• Le code, quand ça fait plaisir et puis que ça débarrasse !

    Le code, quand ça fait plaisir et puis que ça débarrasse !

    Notre Ministre a déclaré à un grand journal du soir, pendant les vacances scolaires, que, dès la rentrée de septembre 2014, l'apprentissage du code sera proposé dans les écoles primaires.

    Je suis sûre qu'en me lisant mes collègues Professeurs des Écoles en CP/CE1 frétillent pour les uns : "Ah ! Je vous l'avais bien dit..." et s'offusquent pour les autres : "Mais enfin, ponctuellement on le fait ! Et puis, il y a le sens ! Le code sans le sens, c'est comme apprendre à nager sur un tabouret, ça ne sert à rien !"

    Pendant ce temps, les parents ignorants de la querelle des méthodes et du sens qu'a pris le nom commun code dans les discussions d'instits se disent : "Ah oui, le code de la route ! Ils le font déjà non ? La Prévention Routière qui vient leur passer des diapos, les petits vélos installés dans la cour de l'école et tout et tout..."
    Je les rassure, oui, nous sommes censés le faire, bien que, dans de nombreux départements, la Prévention Routière ait arrêté d'intervenir dans toutes les communes. En effet, on l'a sommée de rendre ses interventions payantes puisque sa gratuité constituait une concurrence déloyale envers des organismes privés qui auraient voulu s'emparer du marché des diapos et des petits vélos dans la cour de l'école.

    Et je mets tout le monde d'accord. Il ne s'agit ni du code alphabétique, ni du code orthographique, ni du code de la route mais du code... informatique !
    La preuve ici !

    Moi, je croyais que ce code-là était réservé aux ingénieurs et aux techniciens qui, après de longues études, avaient su pénétrer dans les entrailles de la bête et lui triturer les circuits imprimés pour nous faciliter la navigation, à nous les utilisateurs plus ou moins chevronnés...

    Dans mon esprit, seuls quelques lycéens, déjà bien dégrossis par huit à neuf années de Primaire et quatre années de Collège pluralistes consacrées aux codes-sources de notre culture, pouvaient avoir l'utilité d'ajouter ce code-là à leur formation, comme l'apprenti-musicien étudie le solfège et la théorie musicale, l'apprenti-boulanger le code des différentes farines ou l'apprenti-coiffeur les compositions et temps de pause des produits de teinture qu'il utilisera sur nos têtes !

    Pour moi, l'école, et particulièrement l'école primaire, celle que je connais, est là pour les "codes-sources", ceux dont la maîtrise permettra d'acquérir facilement tous les codes spécialisés que nous aurons besoin, ou pas, de craquer plus tard, au cours de nos études spécialisées ou dans notre vie quotidienne.

    Les codes-sources, ne sont pas très nombreux mais ils peuvent être extrêmement difficiles et longs à maîtriser parfaitement.

    Le premier, c'est la communication infra-verbale.
    Il commence à s'apprendre à la maison mais l'école, premier lieu social, est obligée de compléter l'apprentissage débuté en famille, du fait de son originalité.
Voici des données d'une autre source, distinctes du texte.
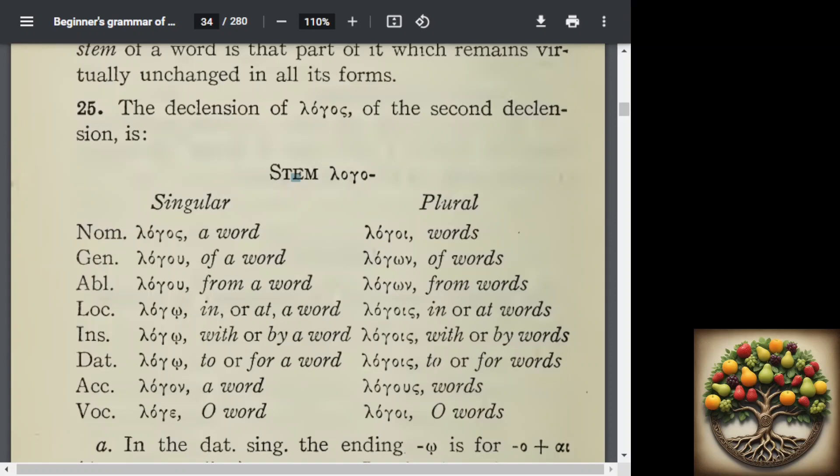It took me a long time to really understand that. Later on, we do come across instances where Greek has prepositions spelled out as their own separate word. But in English, a case system is completely foreign to us — we use prepositions as standalone words combined with word order.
Se déplacer sans tout renverser, oser aller d'un lieu à un autre, savoir accueillir la nouveauté, prendre sa place, toute sa place mais rien que sa place... Adopter un comportement éthique et responsable, comme dirait l'autre !
    Tout un programme (informatique) ! Je ne vous dis pas tous les influx à bloquer ou au contraire à favoriser, tous les circuits à mettre en place, tous les codes à enregistrer, automatiser, connecter entre eux pour les concaténer... Impressionnant !

    Le deuxième, c'est le langage.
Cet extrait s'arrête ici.